Telemetry Generation 


Function. The telemetry generation module serves two purposes in the fault 
handling system: 1) it computes telemetry values displayed for the user, and 

2) it creates a qualitative difference list for the exposure module as 
described below. 

There are four types of values representing the state of the hydrazine 
propulsion system: 1) telemetry values, 2) expected values, 3) actual values, 

and 4) qualitative values. Telemetry values : these are the values which are 

normally shown to ground control monitors. These values represent the state 
of the system as reported by the sensors aboard the spacecraft (whether these 
sensors are functioning properly or not). Expected values : these are values 

that would appear in the telemetry stream if all the components making up the 
system were functioning normally. Actual values : the actual values represent 

the true state of the system. The actual values are only used by the 
telemetry generation module. Qualitative values : these are derived from the 

telemetry values and the expected values. If the telemetry value for a 
component is greater that its expected value, then the qualitative value for 
this component is the value +1. However, if the telemetry value is lower than 
the expected value for a component, the component is assigned the qualitative 
value of -1. 

Call structure . The telemetry generator is called by the executive module. 

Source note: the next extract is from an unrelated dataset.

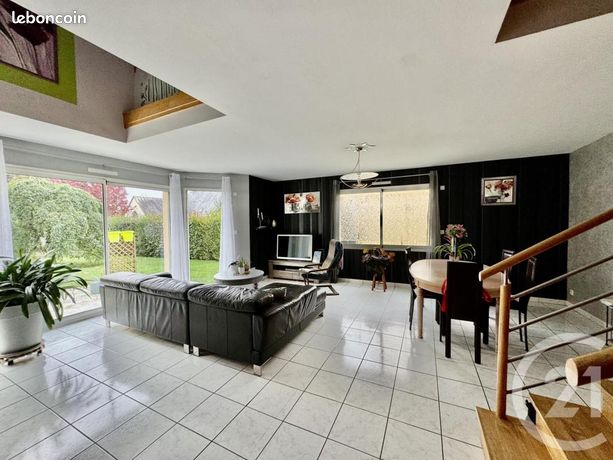Maison 7 pièces 156 m²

The telemetry generation module is passed a list of commands (HPS components 
and commanded states for these components). There may be, for example, a 
command to open latch valve three. This command information allows the 
telemetry generation module to produce telemetry reflecting the current state 
of the HPS. 

The telemetry generation module calls the I/O module which updates the 
telemetry displayed for the user. The changed telemetry values presented to 
the user reflect changes in the system as a ground station would see them. 

Once the I/O module updates the telemetry values on the user's display, it 
returns control to the telemetry generation module. 

The telemetry generation module returns a list of qualitative differences to 
the executive module. This list of qualitative differences is not the 
complete list for the system, but rather the list of telemetry values which 
differ from their expected values.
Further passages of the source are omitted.